● **YOUR TASK**
Extract the lines up to and including the one that contains "That gives you", starting with the first line of the entries below, and omit the pictures.

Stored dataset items

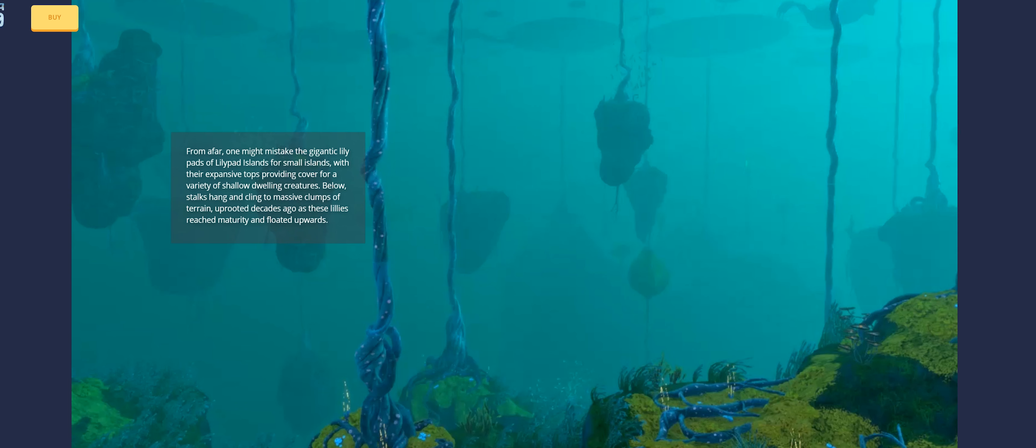The lily pad biome is updated. From afar, one might mistake the gigantic lily pads of the lily pad islands for small islands. With their expansive tops providing cover for a variety of shallow-dwelling creatures, below stalks hang and cling to massive clumps of terrain, uprooted decades ago as these lilies reached maturity and floated upward. You'll see some of the dead lilies just hanging around at the bottom there. They've added more stuff to the deep lily pad biome that I'll be exploring pretty soon as well.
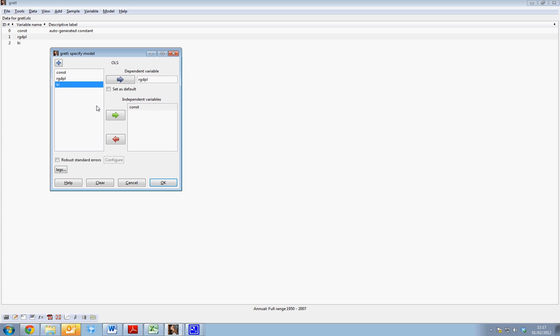We now want to add KI, which is our independent variable, to our model, and also include lags in our equation.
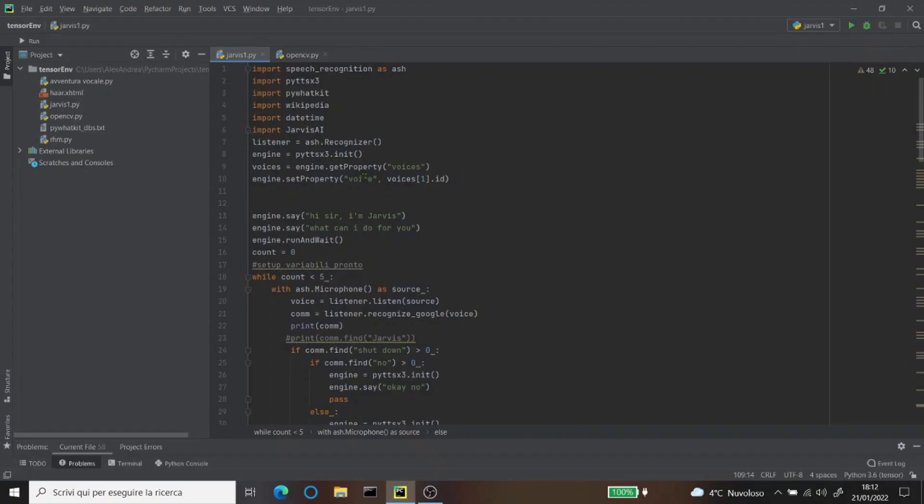Hi guys, in today's video I'm gonna show you how I created Jarvis. If you don't know what Jarvis is, Jarvis is the artificial assistant of Iron Man, one of the most famous Marvel characters. I was able to create this with Python, which is a programming language in which you can do practically anything.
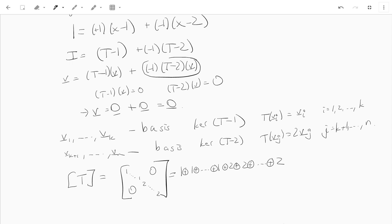That gives you an idea of the power of this lemma — you can turn an equation that T satisfies into information about the structure of the matrix of T. In the next video, we'll try to relate this to the characteristic polynomial a little bit more.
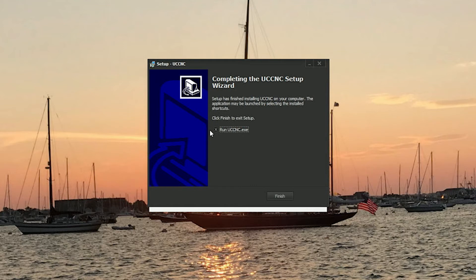We don't want to run UCCNC from this setup here, so we'll uncheck that.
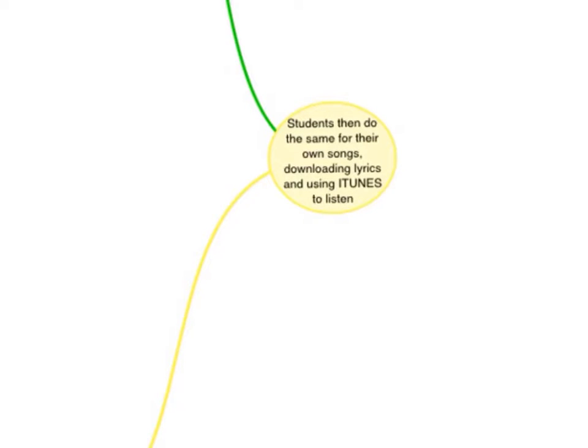Now it's up to the students. So then they'll do the same thing, only they'll do it with their song in iTunes as well. So they'll download the song and the lyrics, and then they'll listen to it.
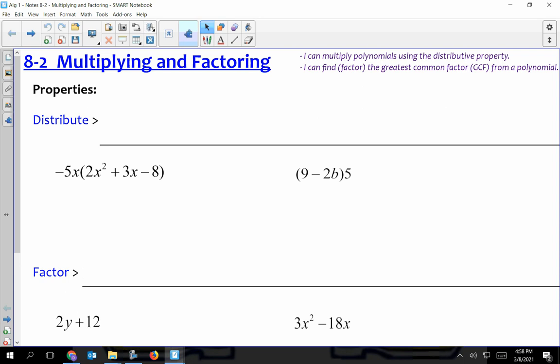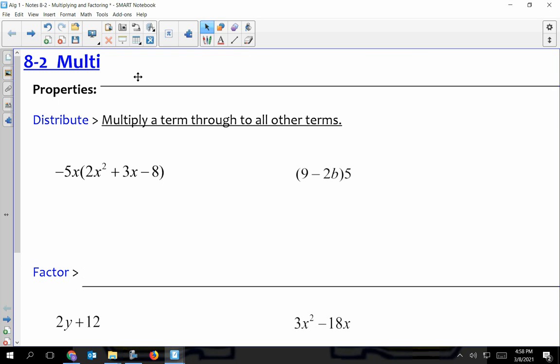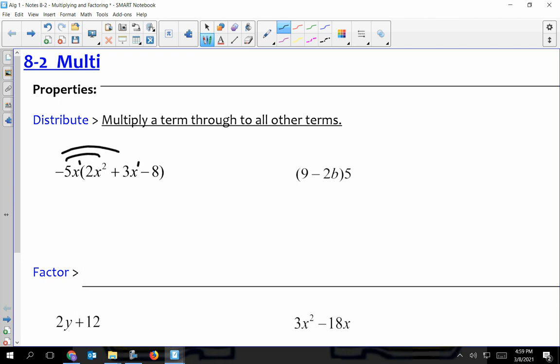So there's a couple of properties that we have to have. One's just to distribute, and I think we already kind of know what that is, and another one's factors, so that's kind of going to be new for some of us. To be able to distribute, we're going to multiply a term through to all the other terms — typically something outside of a set of parentheses. You've got to multiply it to everything inside.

● **TASK ANSWER**
The lily pad biome is updated. From afar, one might mistake the gigantic lily pads of the lily pad islands for small islands. With their expansive tops providing cover for a variety of shallow-dwelling creatures, below stalks hang and cling to massive clumps of terrain, uprooted decades ago as these lilies reached maturity and floated upward. You'll see some of the dead lilies just hanging around at the bottom there. They've added more stuff to the deep lily pad biome that I'll be exploring pretty soon as well.
We now want to add KI, which is our independent variable, to our model, and also include lags in our equation.
Hi guys, in today's video I'm gonna show you how I created Jarvis. If you don't know what Jarvis is, Jarvis is the artificial assistant of Iron Man, one of the most famous Marvel characters. I was able to create this with Python, which is a programming language in which you can do practically anything.
That gives you an idea of the power of this lemma — you can turn an equation that T satisfies into information about the structure of the matrix of T. In the next video, we'll try to relate this to the characteristic polynomial a little bit more.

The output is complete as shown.